If ever implemented, Paul’s ideas would illustrate how unfettered markets foster repression more than freedom. The obvious referent is Chile, where the introduction of an extreme market experiment depended upon Pinochet imprisoning or killing those who complained about falling living standards. A US administration implementing Paul’s program would inevitably confront protests by unionists and others understandably unenthusiastic about massive federal cutbacks and the disintegration of whatever remains of the welfare state nor the bosses’ new found liberty to sack them.
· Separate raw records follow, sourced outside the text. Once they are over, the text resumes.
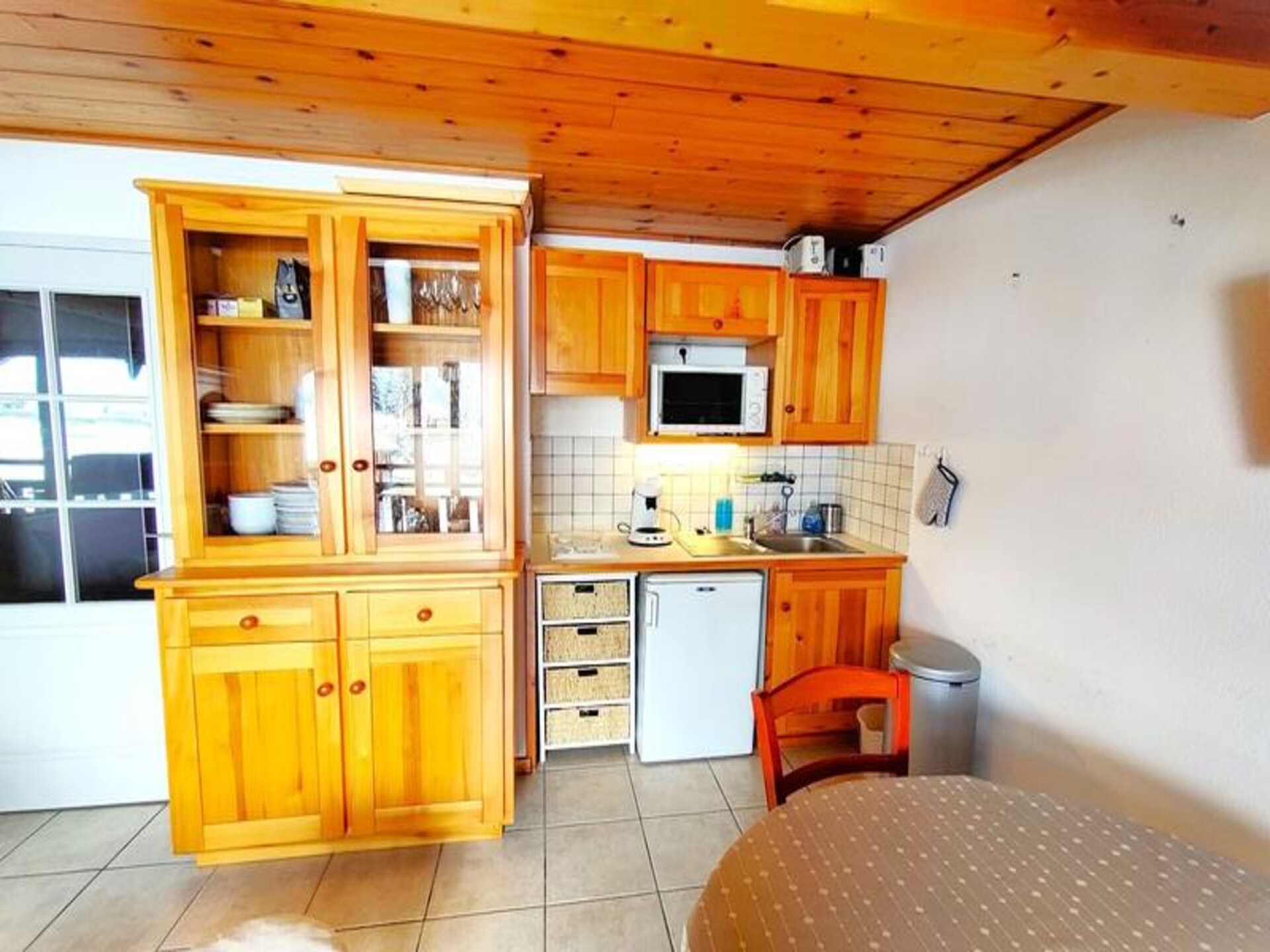 Zonnig bergappartement voor 5 in Parc des Écrins, Puy Saint Vincent - foto 9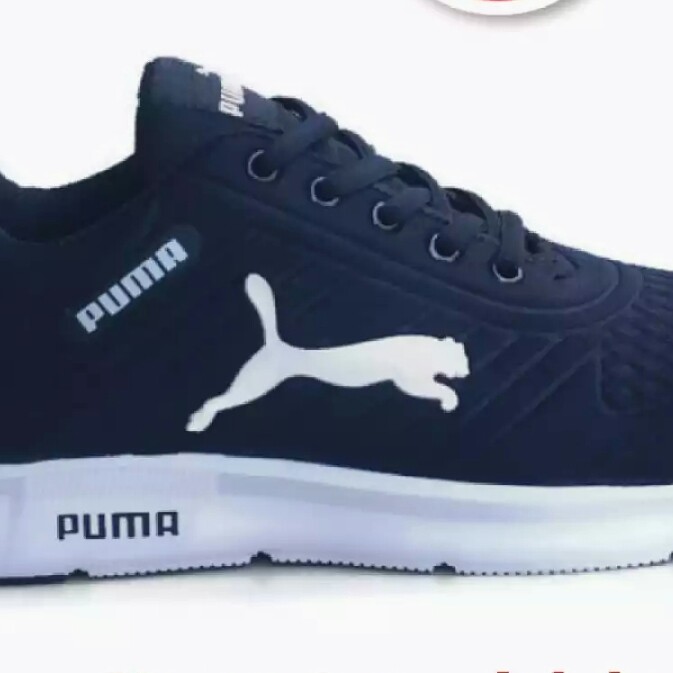 C3-- SEPATU PRIA PUMA 55 HIGHT QUALITY CASUAL MERK - PER UNIT 2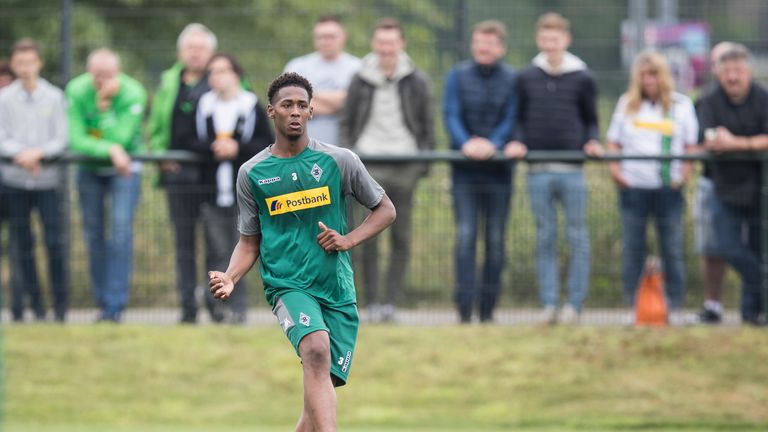 Reece Oxford is yet to make a first-team appearance for Borussia Monchengladbach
To carry through a pro-market revolution would thus require the full force of the US state’s repressive apparatus.
That’s all hypothetical, of course, since Paul won’t be the Republican candidate and his policies won’t be implemented.
But it has implications for his new status as the spokesman for anti-war and civil libertarian sentiment. Think about the massive struggles required to end all of the US interventions overseas and to roll back the draconian anti-terror legislation. Such campaigns simply cannot succeed without enlisting organisations like trade unions, able to wield real social clout precisely because they organise millions of people in chains of solidarity.
Paul’s free market libertarianism is, however, fundamentally hostile to that kind of collectivism. Thus, the more that demands to end war and restore civil liberties become associated with Ron Paul and the current he represents, the less chance these campaigns have to build links with the forces they need to actually win.
Which is simply another way of saying that allowing right-wingers like Paul to present themselves as the champions of the causes traditionally associated with the left is an utterly disastrous strategy for progressives, one that will have consequences for years to come. Insofar as the left in Australia and elsewhere are flirting with Paulism, we are seeing a profound confusion about the left is and what it should be, a confusion that’s particularly dangerous in a context where, around the world, the far right is on the rise — and increasingly selling its message with anti-establishment rhetoric.
The thing is, though, most progressives who talk about Paul know all of this.
In essence, their argument comes down to one really simple point: namely, in an election between the increasingly Bushlike President Obama and whichever corporate shill the Republicans eventually select, Paul represents the best option available.
But does that sound at all familiar? Actually, it’s precisely the same argument Obama’s leftwing supporters made at the last election. Yes, they said, we know he’s not perfect — but he’s simply the best thing going.
In other words, we’re now seeing a fresh incarnation of precisely the "lesser evil" argument that got us into the mess we’re now in.
Surely it’s way past time that the left broke from the politics of self-delusion. If wishes were horses, we’d be galloping to utopia by now. As that fine American writer Flannery O’Connor once said, the truth doesn’t change according to our ability to stomach it.
There’s no progressive options available in mainstream US politics at the moment.
The task of the left there, as with the left here, is to rebuild from the bottom up, rather than fantasising about non-existent saviours. If that seems like a big task, well, all the more reason to stop fooling around with right-wing cranks and to get on with the real work.